One reason for this is the plaintiffs themselves. They often do not fully understand the cause of their illness, and because it is something intangible, it can be difficult to link causally to the accident.

In the case of a workplace claim, the plaintiff may have been reluctant to tell others – particularly their employer – about their problem due to the stigma surrounding mental health and fear of losing their job. This makes it hard to establish negligence on the employer’s part if they were unaware of the plaintiff’s mental state. They could not be expected to take reasonable steps to prevent mental harm from occurring if they were unaware of its existence.

Even if the plaintiff had divulged the extent of their problem, either by confiding in their employer or through their general behaviour at work, the onus would still be on them to prove that the defendant breached their duty of care. To do this they would need to establish that not only was the risk foreseeable, but that a reasonable person in the defendant’s position would have taken precautionary steps to prevent it from occurring.

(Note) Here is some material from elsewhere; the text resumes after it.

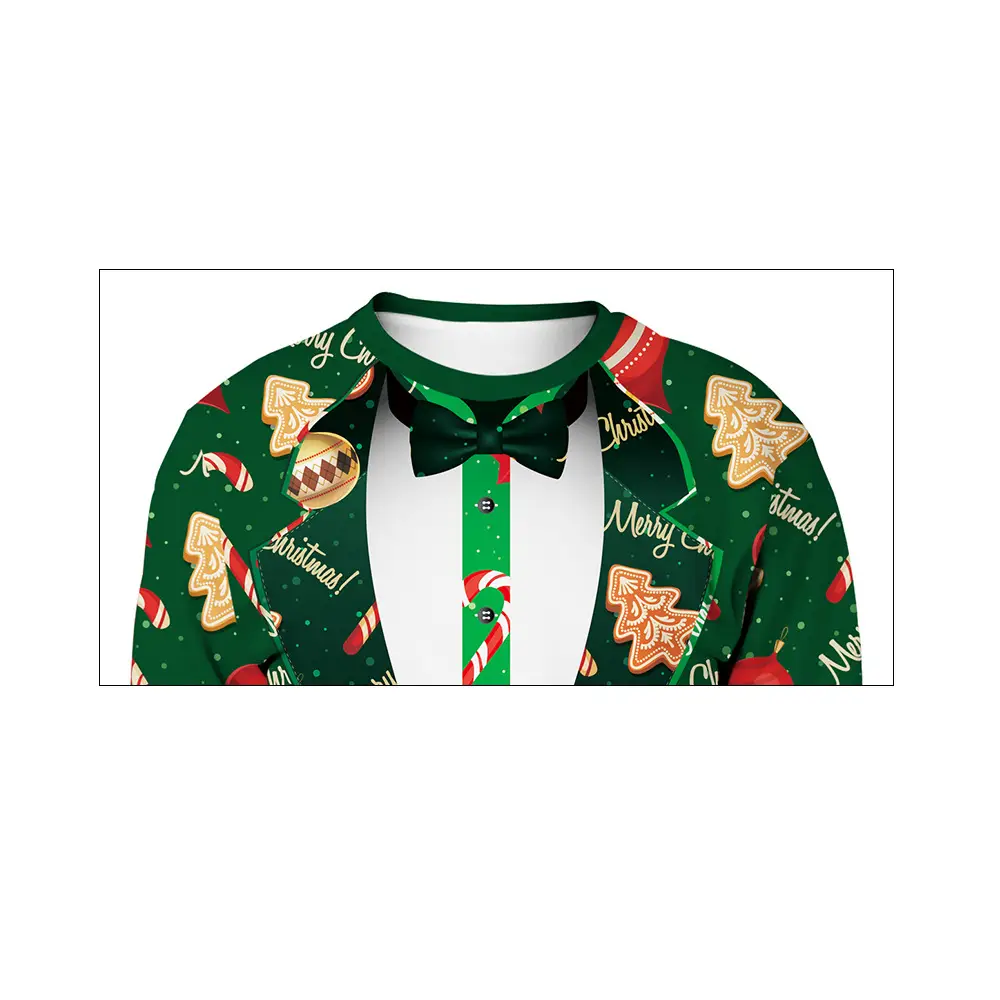 Digital Printed Turtleneck Suit Green Christmas Couple Dress - Image 4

Furthermore, claims of mental harm rarely succeed in relation to what is considered ‘reasonable management action’ taken by an employer against the plaintiff in connection with their employment. This includes transferring, demoting, disciplining, retrenching, or dismissing the plaintiff. In such cases, the onus is always on the plaintiff to prove that this exemption does not apply and that the employer’s actions were unreasonable.

Conclusion

Compensation claims for mental harm are fraught with hurdles and legal grey areas, and are never quite as straightforward as physical injury claims. More than with any other type of personal injury claim, the success of a mental harm claim rests squarely on the plaintiff’s ability to be able to establish a duty of care, a breach of that duty of care, and that the breach caused their psychiatric injury. Common law claims for mental harm often fail to establish that breach of duty of care and for this reason, you should always seek expert legal advice before going down this path.